#### SOURCE DATA

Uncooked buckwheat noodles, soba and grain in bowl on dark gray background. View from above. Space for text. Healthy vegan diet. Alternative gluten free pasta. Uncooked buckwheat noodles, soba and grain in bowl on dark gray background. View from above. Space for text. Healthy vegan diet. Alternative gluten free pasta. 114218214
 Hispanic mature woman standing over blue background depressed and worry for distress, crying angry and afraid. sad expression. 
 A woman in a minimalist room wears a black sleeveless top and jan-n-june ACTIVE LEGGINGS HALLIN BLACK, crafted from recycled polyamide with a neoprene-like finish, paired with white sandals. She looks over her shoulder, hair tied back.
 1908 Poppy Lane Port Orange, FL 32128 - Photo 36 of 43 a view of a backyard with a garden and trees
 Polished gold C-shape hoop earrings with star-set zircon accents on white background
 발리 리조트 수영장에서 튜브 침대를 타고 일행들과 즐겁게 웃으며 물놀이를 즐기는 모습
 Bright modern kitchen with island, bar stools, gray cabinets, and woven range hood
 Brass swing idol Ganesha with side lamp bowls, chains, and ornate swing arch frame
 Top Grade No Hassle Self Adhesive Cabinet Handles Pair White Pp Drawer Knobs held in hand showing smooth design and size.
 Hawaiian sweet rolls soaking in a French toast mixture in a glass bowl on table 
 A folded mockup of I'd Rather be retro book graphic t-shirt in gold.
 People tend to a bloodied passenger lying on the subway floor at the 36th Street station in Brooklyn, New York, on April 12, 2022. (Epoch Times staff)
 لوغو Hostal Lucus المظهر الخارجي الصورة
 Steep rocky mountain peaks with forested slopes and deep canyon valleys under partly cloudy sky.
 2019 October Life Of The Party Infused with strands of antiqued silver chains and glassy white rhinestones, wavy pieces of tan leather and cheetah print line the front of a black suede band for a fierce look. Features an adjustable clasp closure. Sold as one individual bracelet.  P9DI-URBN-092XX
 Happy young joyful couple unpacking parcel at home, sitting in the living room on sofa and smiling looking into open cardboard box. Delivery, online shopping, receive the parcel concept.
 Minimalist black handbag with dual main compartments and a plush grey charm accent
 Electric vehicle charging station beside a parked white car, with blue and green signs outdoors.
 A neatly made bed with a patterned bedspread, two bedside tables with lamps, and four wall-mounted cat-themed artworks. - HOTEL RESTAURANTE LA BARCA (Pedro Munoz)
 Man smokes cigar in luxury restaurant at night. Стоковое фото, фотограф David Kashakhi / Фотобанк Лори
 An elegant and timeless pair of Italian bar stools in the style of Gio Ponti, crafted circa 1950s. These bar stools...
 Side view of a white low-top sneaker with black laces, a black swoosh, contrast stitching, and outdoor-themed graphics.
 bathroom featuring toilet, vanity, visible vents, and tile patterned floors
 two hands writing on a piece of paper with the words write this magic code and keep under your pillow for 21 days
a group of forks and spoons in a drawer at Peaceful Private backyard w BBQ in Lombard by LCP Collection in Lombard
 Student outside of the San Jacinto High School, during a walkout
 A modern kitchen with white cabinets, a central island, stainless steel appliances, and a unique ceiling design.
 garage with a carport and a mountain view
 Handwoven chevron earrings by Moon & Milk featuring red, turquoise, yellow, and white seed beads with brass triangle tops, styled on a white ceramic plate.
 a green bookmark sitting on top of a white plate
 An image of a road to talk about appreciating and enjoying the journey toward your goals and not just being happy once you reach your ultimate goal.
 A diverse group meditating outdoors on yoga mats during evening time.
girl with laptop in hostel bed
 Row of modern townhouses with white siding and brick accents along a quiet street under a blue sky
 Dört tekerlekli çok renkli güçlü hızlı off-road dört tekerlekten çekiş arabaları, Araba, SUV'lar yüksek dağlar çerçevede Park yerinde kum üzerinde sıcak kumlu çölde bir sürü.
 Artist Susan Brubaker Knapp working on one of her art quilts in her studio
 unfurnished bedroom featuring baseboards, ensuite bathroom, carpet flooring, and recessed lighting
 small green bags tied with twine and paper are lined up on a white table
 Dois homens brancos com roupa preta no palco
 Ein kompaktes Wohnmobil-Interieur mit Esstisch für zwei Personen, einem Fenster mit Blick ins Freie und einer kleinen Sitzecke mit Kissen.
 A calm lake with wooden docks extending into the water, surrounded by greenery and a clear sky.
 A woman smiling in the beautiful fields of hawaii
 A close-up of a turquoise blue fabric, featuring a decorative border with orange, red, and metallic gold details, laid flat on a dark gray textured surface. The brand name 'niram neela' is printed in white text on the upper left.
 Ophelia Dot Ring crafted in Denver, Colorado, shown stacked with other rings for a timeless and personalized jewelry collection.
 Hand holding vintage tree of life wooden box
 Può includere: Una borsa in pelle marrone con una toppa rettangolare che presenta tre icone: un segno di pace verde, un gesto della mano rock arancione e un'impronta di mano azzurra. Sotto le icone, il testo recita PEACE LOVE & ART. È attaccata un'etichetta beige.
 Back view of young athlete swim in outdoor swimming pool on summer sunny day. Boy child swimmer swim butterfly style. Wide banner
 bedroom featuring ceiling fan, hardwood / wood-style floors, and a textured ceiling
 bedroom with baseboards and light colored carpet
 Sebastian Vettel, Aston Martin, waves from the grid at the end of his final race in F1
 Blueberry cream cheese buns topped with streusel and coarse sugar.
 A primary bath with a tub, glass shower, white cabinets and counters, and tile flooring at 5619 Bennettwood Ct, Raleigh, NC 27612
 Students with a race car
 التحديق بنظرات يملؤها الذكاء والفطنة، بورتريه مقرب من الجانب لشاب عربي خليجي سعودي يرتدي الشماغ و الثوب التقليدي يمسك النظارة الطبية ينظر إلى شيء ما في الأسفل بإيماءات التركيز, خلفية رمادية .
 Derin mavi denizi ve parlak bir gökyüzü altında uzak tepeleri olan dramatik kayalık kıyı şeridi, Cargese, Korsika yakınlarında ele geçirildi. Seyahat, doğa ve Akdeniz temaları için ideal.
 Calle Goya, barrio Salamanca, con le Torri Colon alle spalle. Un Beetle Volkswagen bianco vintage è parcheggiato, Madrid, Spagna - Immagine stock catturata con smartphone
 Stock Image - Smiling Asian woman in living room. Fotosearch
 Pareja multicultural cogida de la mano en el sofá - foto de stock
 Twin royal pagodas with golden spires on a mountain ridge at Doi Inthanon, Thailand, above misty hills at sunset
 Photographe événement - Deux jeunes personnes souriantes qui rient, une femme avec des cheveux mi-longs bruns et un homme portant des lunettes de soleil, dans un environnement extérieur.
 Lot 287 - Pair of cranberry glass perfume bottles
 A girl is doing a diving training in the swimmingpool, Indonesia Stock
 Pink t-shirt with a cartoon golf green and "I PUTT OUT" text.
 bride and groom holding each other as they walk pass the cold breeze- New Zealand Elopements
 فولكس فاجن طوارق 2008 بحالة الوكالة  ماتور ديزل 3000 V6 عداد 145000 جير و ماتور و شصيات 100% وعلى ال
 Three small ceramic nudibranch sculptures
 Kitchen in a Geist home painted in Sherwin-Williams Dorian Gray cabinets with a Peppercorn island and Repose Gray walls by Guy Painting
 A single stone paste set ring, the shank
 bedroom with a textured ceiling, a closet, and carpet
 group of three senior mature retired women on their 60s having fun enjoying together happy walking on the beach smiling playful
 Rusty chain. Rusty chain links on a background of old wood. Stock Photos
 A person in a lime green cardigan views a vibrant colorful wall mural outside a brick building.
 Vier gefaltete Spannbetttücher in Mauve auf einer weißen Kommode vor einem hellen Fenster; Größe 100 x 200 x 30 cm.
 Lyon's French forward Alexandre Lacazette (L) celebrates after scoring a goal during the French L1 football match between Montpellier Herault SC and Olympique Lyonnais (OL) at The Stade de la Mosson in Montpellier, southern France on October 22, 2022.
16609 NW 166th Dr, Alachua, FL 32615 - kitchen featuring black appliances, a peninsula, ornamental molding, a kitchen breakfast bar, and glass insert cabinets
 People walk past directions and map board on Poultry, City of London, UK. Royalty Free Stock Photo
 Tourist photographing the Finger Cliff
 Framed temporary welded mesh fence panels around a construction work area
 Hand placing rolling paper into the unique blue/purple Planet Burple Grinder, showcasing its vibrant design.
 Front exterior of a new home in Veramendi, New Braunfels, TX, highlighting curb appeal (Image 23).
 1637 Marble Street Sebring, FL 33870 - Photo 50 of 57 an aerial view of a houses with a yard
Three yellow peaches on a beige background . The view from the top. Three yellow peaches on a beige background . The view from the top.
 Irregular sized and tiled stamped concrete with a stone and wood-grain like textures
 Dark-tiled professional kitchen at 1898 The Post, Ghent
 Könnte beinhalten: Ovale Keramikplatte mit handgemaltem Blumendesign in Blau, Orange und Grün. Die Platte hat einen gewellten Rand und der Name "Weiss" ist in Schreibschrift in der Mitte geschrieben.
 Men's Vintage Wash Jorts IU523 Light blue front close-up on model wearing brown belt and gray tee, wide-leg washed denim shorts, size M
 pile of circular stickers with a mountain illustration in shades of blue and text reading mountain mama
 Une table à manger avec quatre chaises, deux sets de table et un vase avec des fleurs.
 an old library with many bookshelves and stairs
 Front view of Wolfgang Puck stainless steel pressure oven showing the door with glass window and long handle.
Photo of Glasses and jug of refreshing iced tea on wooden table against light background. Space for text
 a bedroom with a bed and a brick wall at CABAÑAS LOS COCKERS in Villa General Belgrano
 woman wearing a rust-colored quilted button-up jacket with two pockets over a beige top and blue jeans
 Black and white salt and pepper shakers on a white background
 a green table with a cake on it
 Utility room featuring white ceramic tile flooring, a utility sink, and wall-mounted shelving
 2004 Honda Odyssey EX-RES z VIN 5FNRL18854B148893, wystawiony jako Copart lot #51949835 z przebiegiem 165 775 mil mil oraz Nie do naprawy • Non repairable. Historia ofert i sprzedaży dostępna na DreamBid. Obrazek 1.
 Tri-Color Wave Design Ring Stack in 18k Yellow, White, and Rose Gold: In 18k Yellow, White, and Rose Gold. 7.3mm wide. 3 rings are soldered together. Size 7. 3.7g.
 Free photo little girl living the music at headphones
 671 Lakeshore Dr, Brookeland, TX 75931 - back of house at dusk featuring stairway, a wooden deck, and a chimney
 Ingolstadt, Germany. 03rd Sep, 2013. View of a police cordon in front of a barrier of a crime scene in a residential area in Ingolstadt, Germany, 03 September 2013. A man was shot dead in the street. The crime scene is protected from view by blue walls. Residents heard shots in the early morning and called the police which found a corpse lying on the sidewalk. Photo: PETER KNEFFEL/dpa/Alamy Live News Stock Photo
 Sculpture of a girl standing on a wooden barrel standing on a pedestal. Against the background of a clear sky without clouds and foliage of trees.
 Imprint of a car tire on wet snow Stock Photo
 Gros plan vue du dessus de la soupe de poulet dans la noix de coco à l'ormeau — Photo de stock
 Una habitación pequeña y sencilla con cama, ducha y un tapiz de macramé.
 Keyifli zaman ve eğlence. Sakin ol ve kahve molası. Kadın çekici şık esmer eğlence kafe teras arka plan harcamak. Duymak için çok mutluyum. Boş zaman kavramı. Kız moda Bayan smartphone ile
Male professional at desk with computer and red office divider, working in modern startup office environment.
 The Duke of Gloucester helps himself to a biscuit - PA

########

### EXERCISE DETAILS
Quote exactly the first line of the data and every line after it through the one holding "2019 October Life".

### OUTPUT OF THE EXERCISE
Uncooked buckwheat noodles, soba and grain in bowl on dark gray background. View from above. Space for text. Healthy vegan diet. Alternative gluten free pasta. Uncooked buckwheat noodles, soba and grain in bowl on dark gray background. View from above. Space for text. Healthy vegan diet. Alternative gluten free pasta. 114218214
 Hispanic mature woman standing over blue background depressed and worry for distress, crying angry and afraid. sad expression. 
 A woman in a minimalist room wears a black sleeveless top and jan-n-june ACTIVE LEGGINGS HALLIN BLACK, crafted from recycled polyamide with a neoprene-like finish, paired with white sandals. She looks over her shoulder, hair tied back.
 1908 Poppy Lane Port Orange, FL 32128 - Photo 36 of 43 a view of a backyard with a garden and trees
 Polished gold C-shape hoop earrings with star-set zircon accents on white background
 발리 리조트 수영장에서 튜브 침대를 타고 일행들과 즐겁게 웃으며 물놀이를 즐기는 모습
 Bright modern kitchen with island, bar stools, gray cabinets, and woven range hood
 Brass swing idol Ganesha with side lamp bowls, chains, and ornate swing arch frame
 Top Grade No Hassle Self Adhesive Cabinet Handles Pair White Pp Drawer Knobs held in hand showing smooth design and size.
 Hawaiian sweet rolls soaking in a French toast mixture in a glass bowl on table 
 A folded mockup of I'd Rather be retro book graphic t-shirt in gold.
 People tend to a bloodied passenger lying on the subway floor at the 36th Street station in Brooklyn, New York, on April 12, 2022. (Epoch Times staff)
 لوغو Hostal Lucus المظهر الخارجي الصورة
 Steep rocky mountain peaks with forested slopes and deep canyon valleys under partly cloudy sky.
 2019 October Life Of The Party Infused with strands of antiqued silver chains and glassy white rhinestones, wavy pieces of tan leather and cheetah print line the front of a black suede band for a fierce look. Features an adjustable clasp closure. Sold as one individual bracelet.  P9DI-URBN-092XX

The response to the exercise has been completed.